Stanley asked, “I say, Mr. Hickok, how many men have you killed to your certain knowledge?”

“After a little deliberation, he replied, ‘I suppose I have killed considerable over a hundred.’”

“What made you kill all those men? Did you kill them without cause or provocation?”

“No, by heaven, I have never killed one man without good cause.”

Later in the interview, Wild Bill described his first kill to Stanley.

He was lying in bed in a hotel room in Leavenworth, Kansas, when he heard a commotion outside his door. Bill grabbed his six-shooter and a Bowie knife and remained under his covers. “The door was opened, and five men entered the room. I kept perfectly still until just as the knife touched my breast; I sprang aside and buried mine in his heart and used my revolver on the others right and left.” As soon as the shooting stopped, Bill ran out of the room and didn’t stop until he reached Fort Leavenworth.

Wild Bill facing down Davis McCandles

Hickok earned the moniker “Wild Bill” in an 1862 showdown with Davis McCandles, his brother William, and several of their hired hands. The story is that the boys caught up with Wild Bill at the stage station and demanded he pay up on a debt he owed them. The talk soon turned to gunplay, and when it was over, the two McCandles brothers and one of their accomplices lay dead in the street.

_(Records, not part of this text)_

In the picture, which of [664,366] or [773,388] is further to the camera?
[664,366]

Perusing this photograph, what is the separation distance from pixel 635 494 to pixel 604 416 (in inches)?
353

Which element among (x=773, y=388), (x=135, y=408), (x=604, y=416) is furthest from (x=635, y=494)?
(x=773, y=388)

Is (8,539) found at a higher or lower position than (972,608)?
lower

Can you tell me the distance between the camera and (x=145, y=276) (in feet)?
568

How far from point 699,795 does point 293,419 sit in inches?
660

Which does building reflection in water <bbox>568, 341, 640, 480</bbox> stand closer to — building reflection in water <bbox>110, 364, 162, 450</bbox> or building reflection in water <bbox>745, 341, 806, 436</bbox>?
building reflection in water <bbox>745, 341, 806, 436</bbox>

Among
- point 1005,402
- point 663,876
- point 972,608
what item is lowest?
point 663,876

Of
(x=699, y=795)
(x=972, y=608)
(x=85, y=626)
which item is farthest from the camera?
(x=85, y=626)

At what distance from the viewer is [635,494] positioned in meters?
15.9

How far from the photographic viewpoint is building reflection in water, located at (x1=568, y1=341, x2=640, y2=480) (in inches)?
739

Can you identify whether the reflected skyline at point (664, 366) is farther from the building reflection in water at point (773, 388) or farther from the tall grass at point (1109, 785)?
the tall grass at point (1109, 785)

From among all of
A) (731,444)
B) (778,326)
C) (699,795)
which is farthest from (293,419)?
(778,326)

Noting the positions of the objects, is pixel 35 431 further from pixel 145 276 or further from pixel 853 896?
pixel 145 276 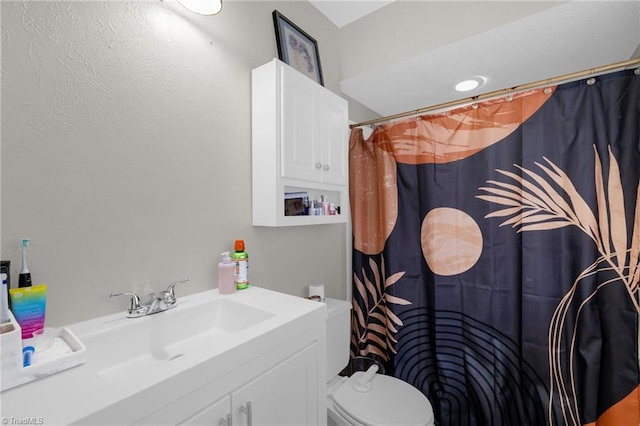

The Atchison Daily Champion reported, “Wild Bill...shot McKandles through the heart with a rifle, and then stepping out of doors, revolver in hand shot another one of the gang dead; severely wounded a third...and slightly wounded the fourth.”

When the fighting was over, and Bill had finished nursing his wounds, he told friends, “I just got wild and slashed about like a bear with a death wound.” The next thing you know, James Butler Hickok became known everywhere as Wild Bill.

After the McCandles fight, Bill made his way to Leavenworth, Kansas, where he became a Brigade Wagon Master for General John Charles Fremont, trucking supplies out of Fort Leavenworth. In 1863, he worked as a Union spy, gathering information behind the Confederate lines.

At the end of the Civil War, Wild Bill drifted into Missouri and faced down Davis Tutt in the town square of Springfield, Missouri, on July 21, 1865. It was one of the classic gunfights pictured in every western film since the beginning of time. The two men stood fifteen paces apart, staring each other down in the hot sun. They reached for their guns. One man fell dead in the street. The other walked away.

Here’s how it started.

Wild Bill playing cards in Deadwood

Wild Bill and Tutt sat across from each other, engaged in a high-stakes card game. Bill won a big hand, and Tutt reminded him that he owed him some money. Bill paid up. A few moments later, Tutt brought up another debt Hickok owed him. After a quarrel over the amount owed, Tutt grabbed Wild Bill’s gold pocket watch and said he’d hang on to it until Bill settled the debt.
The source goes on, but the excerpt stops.